A 1989 review by researchers at Johns Hopkins University of 14 studies came to a similar conclusion as Mr. Hanushek. It found positive--but minimal--effects for small classes.

But the Tennessee investigators, for their part, pointed out that proven “better ways” of upgrading schools are hard to find. And, of the small number of education programs with successful track records, such as reform models like Success for All and Reading Recovery, many already employ small classes, small-group work, or individual tutoring for all or part of the day.

Though not nearly as extensive as Tennessee’s, a few recent studies bolster the case for small classes. In a study published last summer, for example, the Educational Testing Service’s Policy Information Center in Princeton, N.J., found that 4th graders in smaller-than-average classes were about four months ahead of 4th graders in larger-than-average classes. (“ETS Study Supports Value of Smaller Classes,” Aug. 6, 1997.)

And a Wisconsin program aimed at smaller classes for young students at high-poverty schools also produced test-score gains in its first year of operation. Students in that program improved more over the course of the year than did students in larger classes who weren’t in the program.

But researchers aren’t yet sure whether the gains were due entirely to the smaller classes or to some other aspect of the program. (“Research Notes: Studying Smaller Classes,” Jan. 14, 1998.)

Lessons From California

California’s massive experiment, the largest single effort to reduce class sizes to date, would seem to offer the best chance to answer the question once and for all. Beginning in the 1996-97 school year, the state launched a $1.5 billion effort to trim classes in grades 1 through 3. This year, the program was expanded to 4th grade as well.

But already, complications have arisen that cloud the picture. A preliminary survey of 89 districts suggests that the effort, which districts implemented in just six weeks, is spawning widespread shortages of certified teachers and classrooms.

Many districts are closing child-care centers and libraries to make room for classrooms.
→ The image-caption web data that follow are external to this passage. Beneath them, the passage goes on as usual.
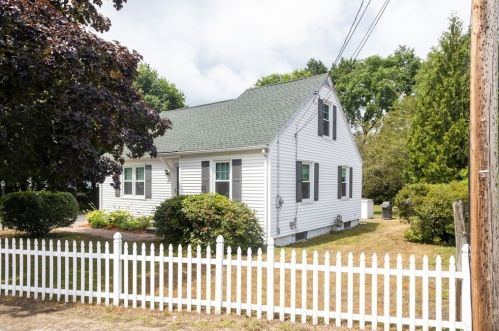 22 Leonard Ave, Dracut, MA 01826-2418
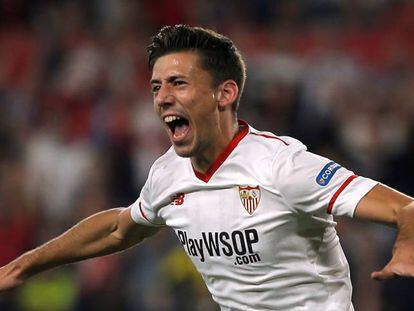 Lenglet celebra un tanto con el Sevilla en la Champions.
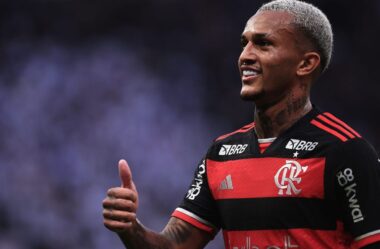 Barcelona de olho em Wesley, do Flamengo e Seleção Brasileira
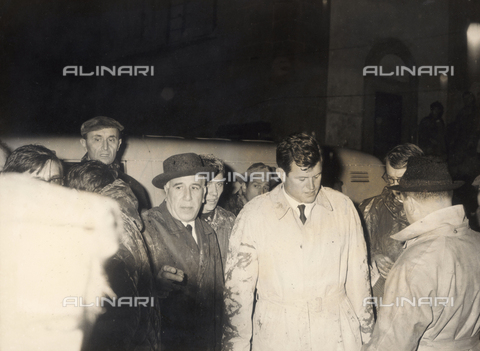 DAA-S-020032-0002 - Alluvione di Firenze del 4 novembre 1966: il senatore americano Ted Kennedy visita la Biblioteca Nazionale alluvionata accompagnato dal sindaco Piero Bargellini - Data dello scatto: 16/11/1966 - Dufoto / Archivi Alinari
Hardest hit, the study found, are urban districts.

“Is it the right thing to do to put a teacher with no qualifications in a classroom with 20 students rather than to put a trained teacher with skills for teaching limited-English-proficient students in a bilingual classroom of 30?” Stanford’s Mr. Kirst said.

His organization, Policy Analysis for California Education, is heading up a consortium of six research groups planning to track California’s efforts.

But Mr. Kirst also observed that President Clinton seems to have drawn some lessons from California’s experience. The administration’s plan has a much longer time frame and would require states to, at a minimum, give new teachers competency and basic-skills tests. It would also allow states to use 10 percent of the money for teacher training.

The president also is asking Congress to allow states and localities to issue a total of $22 billion in no-interest bonds for school construction and renovation during the 1999-2000 school year.

Despite California’s troubles, teachers there report high levels of satisfaction with the initiative, as have teachers in other states that have experimented with smaller classes. One of the biggest advantages, they say, is the opportunity to better gauge their students’ strengths and weaknesses and to get to know them as individuals.

“Now, when I go to fill out report cards I feel I don’t even need to refer to my grade book or any of the other documentation we keep,” Ms. Helm said of her 1st grade class. “I do, of course, but I know my students better now.”